# **Objective: Use a web crawler to acquire data from a specific domain.**


Task:
1. Choose a government website with primarily textual data
2. Use web crawling tools or libraries (such as BeautifulSoup, Scrapy, or others) to extract data
from the chosen website (at least 10 html pages).
3. Pre-process each html page using REGEX and other techniques to remove all html tags,
special characters, advertisements/ extra link.

***
***
***

## **What is Web Crawling?**


- Web crawling is a technique used to systematically navigate websites, indexing their content for search engines or other purposes.

- Unlike web scraping, which targets specific data, web crawling focuses on indexing and discovering information.

> ## **Python and Web Crawling**
Python has cemented its place as a go-to language for web scraping and crawling, due to its rich ecosystem of libraries. **BeautifulSoup** , in conjunction with requests, forms a formidable duo for crafting web crawlers. BeautifulSoup simplifies HTML parsing, allowing for easy extraction of data, while requests handle the complexities of making HTTP requests.

***

## **STEP 01: WEBSITE SELECTION**
- I have chosen State Bank of Pakistan (SBP) website. Since it contains a lot of textual content related to the country’s monetary policies and regulations.
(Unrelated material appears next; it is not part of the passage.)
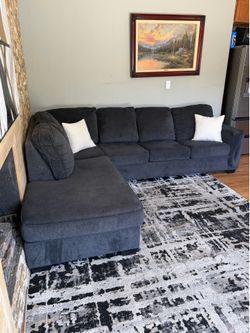 FREE DELIVERY — Ashley Furniture Contemporary Sectional w/ Chaise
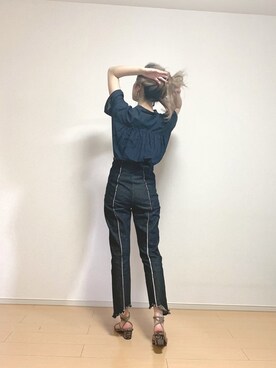 ERIKA (BABYLONE)さん（レディース・166cm）の夏コーディネート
This data is essential for understanding how the economy functions in Pakistan.

- Webiste URL: https://www.sbp.org.pk/index.html
***

## **STEP 02: IMPORTING NECESSARY LIBRARIES**

In [None]:
# requests library will handle HTTP requests and fetch web page content
import requests

# BeautifulSoup from bs4 will use to parse HTML and extract data from web pages
from bs4 import BeautifulSoup

# re library for regular expressions to preprocess and clean text data
import re

# pandas for data manipulation and analysis, especially for creating DataFrames and saving data to CSV
import pandas as pd


***
## **STEP 03: Creating Dictionary of URLs and their corresponsing page names**

- Creating dictionary called page_names is to map specific URLs from the State Bank of Pakistan website to their corresponding descriptive page names.
-  By organizing the URLs in this way, the code can efficiently iterate through each page, making it easier to manage and extract content from the selected web pages during the crawling process.

- **The ten chosen pages from SBP webiste are:**
    1. 'https://www.sbp.org.pk/about/Intro.asp': 'Introduction To SBP',
    2. 'https://www.sbp.org.pk/about/Lf.asp': 'Legal Framework',
    3. 'https://www.sbp.org.pk/about/Func.asp': 'Function of SBP',
    4. 'https://www.sbp.org.pk/about/Govr.asp': 'Governance',
    5. 'https://www.sbp.org.pk/about/BOD.asp': 'Powers of the Board',
    6.'https://www.sbp.org.pk/about/MPC.asp': 'Monetary Policy Committee (MPC)',

    7. 'https://www.sbp.org.pk/m_policy/mpf-01.asp': 'Monetary Policy Framework',

    8.  'https://www.sbp.org.pk/departments/ifpd.htm': 'Islamic Finance Policy Department',

    9. 'https://www.sbp.org.pk/departments/ifdd.htm': 'Islamic Finance Development Department',
    
    10. 'https://www.sbp.org.pk/departments/ITOD.htm': 'Information Technology Operations Department'

In [None]:
# Defining the URLs and their corresponding page names
page_names = {
    'https://www.sbp.org.pk/about/Intro.asp': 'Introduction To SBP',
    'https://www.sbp.org.pk/about/Lf.asp': 'Legal Framework',
    'https://www.sbp.org.pk/about/Func.asp': 'Function of SBP',
    'https://www.sbp.org.pk/about/Govr.asp': 'Governance',
    'https://www.sbp.org.pk/about/BOD.asp': 'Powers of the Board',
    'https://www.sbp.org.pk/about/MPC.asp': 'Monetary Policy Committee (MPC)',
    'https://www.sbp.org.pk/m_policy/mpf-01.asp': 'Monetary Policy Framework',
    'https://www.sbp.org.pk/departments/ifpd.htm': 'Islamic Finance Policy Department',
    'https://www.sbp.org.pk/departments/ifdd.htm': 'Islamic Finance Development Department',
    'https://www.sbp.org.pk/departments/ITOD.htm': 'Information Technology Operations Department'
}

***
## **STEP 04: CREATING FUNCTION TO FETCH DATA FROM EACH OF 10 PAGES**


- Inside the function, a try block is used to handle any potential errors that may occur during the execution of the code.
- The requests.get(url) function is called to send an HTTP GET request to the specified URL. This method attempts to retrieve the content from the webpage.
- The response.raise_for_status() method is called to check the response status.
- If the HTTP request returned an unsuccessful status code this method raises an exception.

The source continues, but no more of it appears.